Distributed Infrastructure, Docker and Microservices, Notes:
Docker and Microservices
Microservices: A microservice is a software architectural style where an application is developed as a collection of small, independent, and loosely coupled services. Each of these services represents a specific business capability and runs its own processes, communicates through well-defined APIs (Commonly RestAPI), and can be developed and deployed independently.
Microservice of ML:
- Microservices break down the components of a machine learning system into independent services. Each service can be responsible for a specific aspect, such as data preprocessing, model training, inference, or model management.
- Microservices in machine learning allow for scalable processing of ML workloads. Different microservices can scale independently based on demand
- Models can be deployed as separate services, allowing for independent updates, versioning, and scaling (using Docker)

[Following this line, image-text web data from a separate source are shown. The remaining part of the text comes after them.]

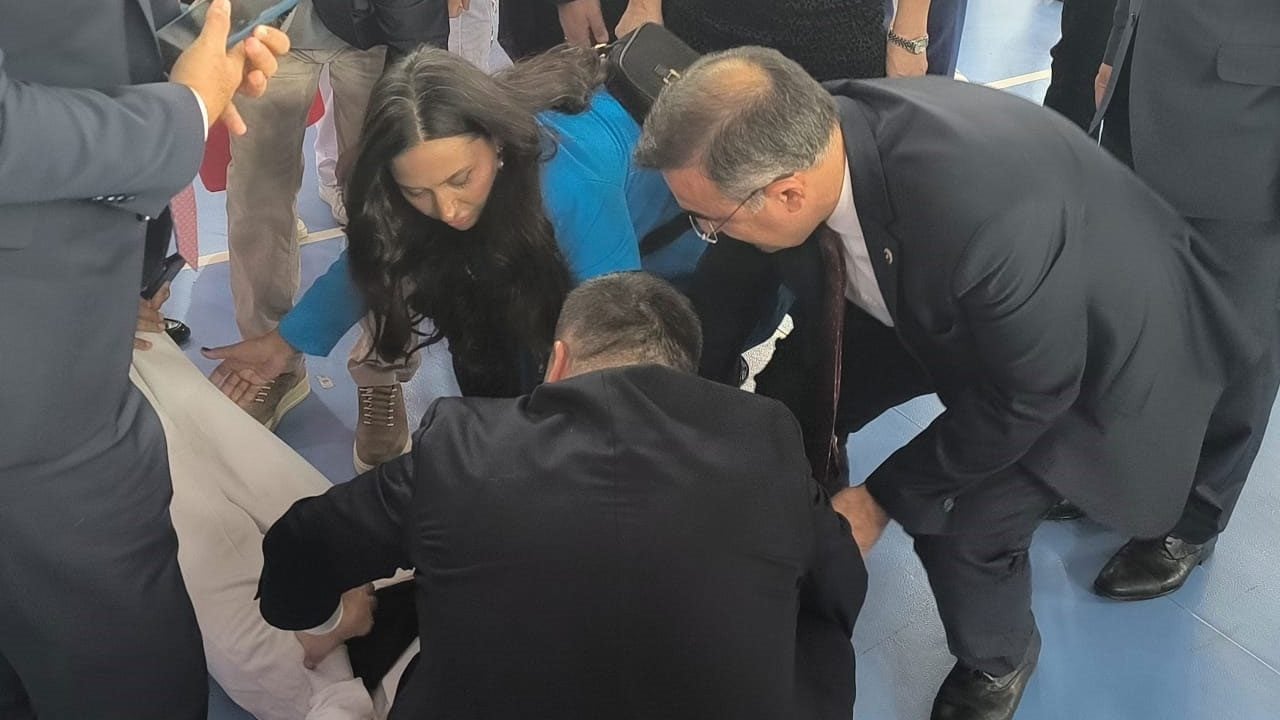 Foto - Fenalaşan öğrencinin yardımına AK Partili vekil yetişti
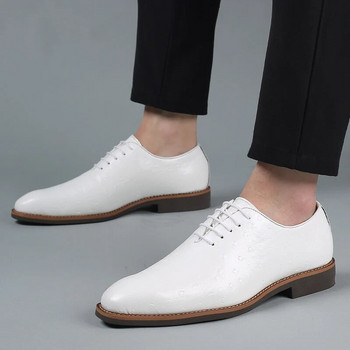 Yomior Нови висококачествени бизнес бели ежедневни кожени обувки Пролетни британски официални рокли Сватбени италиански обувки Мъжки мокасини Оксфорд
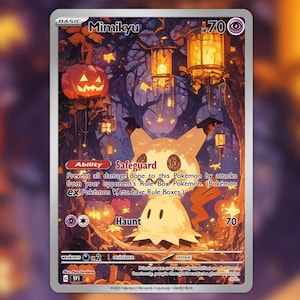 Puede incluir: Una carta de juego Pokémon de Mimikyu con una ilustración de Halloween. La carta muestra un personaje fantasmal de Mimikyu con una calabaza y linternas en un bosque espeluznante. El texto incluye "Mimikyu", "Safeguard" y "Haunt".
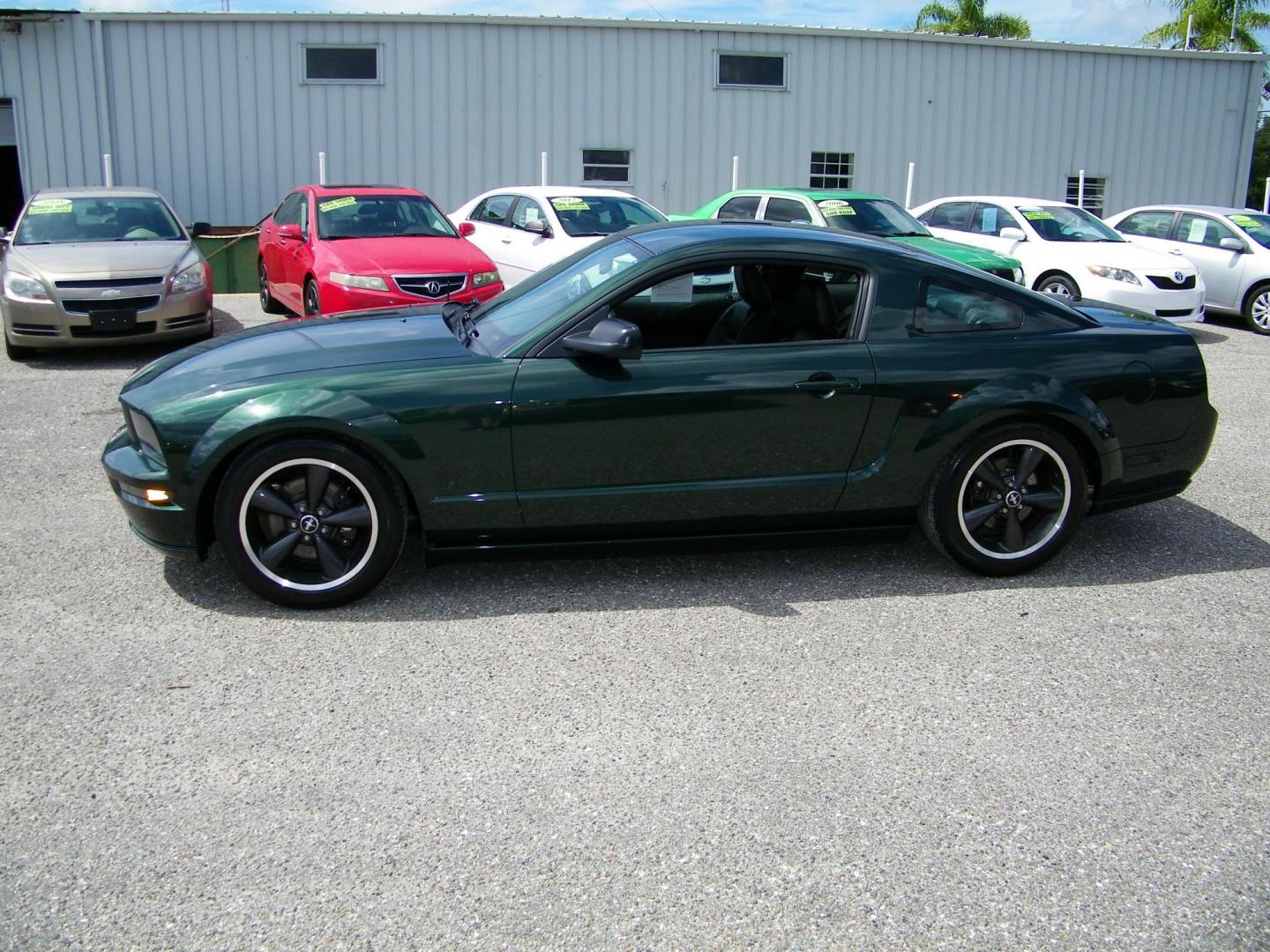 2008 Green /Black Ford Mustang GT Bullitt (1ZVHT82H985) with an 4.6L V8 SOHC 24V engine, Manual transmission, located at 4000 Bee Ridge Road, Sarasota, FL, 34233, (941) 926-0300, 27.298664, -82.489151 - Photo#2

- Different machine learning tasks might require different technologies or frameworks or languages
- Machine learning tasks often involve processing large datasets. Microservices can distribute the processing of these datasets across multiple services
- Microservices enable the creation of dynamic ML workflows by orchestrating the execution of different services based on the requirements of a specific ML task.
- Scalable Training Pipelines
- Cluster: Collections of computers(servers) nodes
- Parallel VS Distributed: In parallel computing, the focus is on breaking down a single, large task into smaller subtasks that can be solved simultaneously. On the other hand Distributed computing involves the use of multiple computers (nodes) connected through a network to work together on a task.
- Concurrency: multiple tasks or processes making progress independently
- RPC: Remote Procedural Call: Imagine you have two computers, and you want one computer to ask the other to perform a specific task. RPC is like making a phone call to ask for help.
- Map reduce: MapReduce is a programming model and processing technique designed for large-scale data processing. It was popularized by Google and is commonly used for distributed computing tasks, especially in the context of big data processing.
- Pyspark and Scala is used to handle data in distributed computing
- Spark MLlib, provide scalable implementations of common ML algorithms. TensorFlow, a popular deep learning framework, can also be used in a distributed setting.